Volatility has come back with a bang in 2018, and after hitting a record high in January, the FTSE 100 lost more than 900 points before the start of April amid worries about US trade tariffs, increasing bond yields, technology valuations and the Facebook data scandal. April saw the tables turn and the FTSE 100 rise 453 points, or 6.42%, ending the month at the highest level since 31 January, registering the ninth best month for the FTSE 100 in the past decade.

Alongside the volatility in the markets, the first three months of the new year saw the weakest period of economic activity for Britain in more than five years, slowing the economy to a virtual standstill. As can be seen in the graph, GDP growth has been in steady decline over recent years, and sharp contractions have been seen across construction, industrial production and services. Additionally, other key areas have been subsiding including credit growth, mortgages approval, manufacturing and consumer spending.

Source: Business Insider

Having previously been one of the fastest-growing economies in the G7, the UK has managed to find itself holding the wooden spoon so far in 2018, a trophy that it looks likely to hold onto into 2019.

Changing investor sentiment

Against this backdrop and, perhaps as a result of (or combined with) an expectation of rising bond yields both in the UK and across the pond, there appears to be a very definite shift among investors towards fund allocations. Whilst open-ended funds are still seeing net inflows overall, a clear reversal in the types of funds they favour seems to be occurring, with net fund flows coming out of income products (bond funds) and into equity funds.

In the investment trust sphere, in which the dynamics of net flows are more subtle, JPMorgan estimate that the first quarter of 2018 saw a net capital inflow to the investment companies sector of £685m, with £1,697 gross inflows and £1,012m gross outflows. These figures represent a marked slowdown in investment activity, being 20% less than Q1 2017 and 43% less than Q4 2017.
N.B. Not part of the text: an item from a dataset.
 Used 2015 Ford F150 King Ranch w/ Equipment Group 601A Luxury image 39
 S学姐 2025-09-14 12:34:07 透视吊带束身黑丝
Over the course of last year 22 funds raised £3.68bn in total (including follow-on fundraisings), but with most share issuance falling short of stated fundraising targets. Unless sentiment picks up significantly, we expect this figure to be substantially lower for 2018 given the slowly moderating level of confidence amongst investors, manifested by fewer entirely new trusts launching, but also follow-on equity raisings generally falling short of targets.

In terms of the funds that have successfully launched, the pattern among open-ended funds is echoed in the closed-end sphere. There has been a perceptible weakening in the dominance that “alternative income” funds have held for the past five years or so, but no clear single alternative style has emerged as a replacement.

We examine some of the more recent investment trust launches to come to market...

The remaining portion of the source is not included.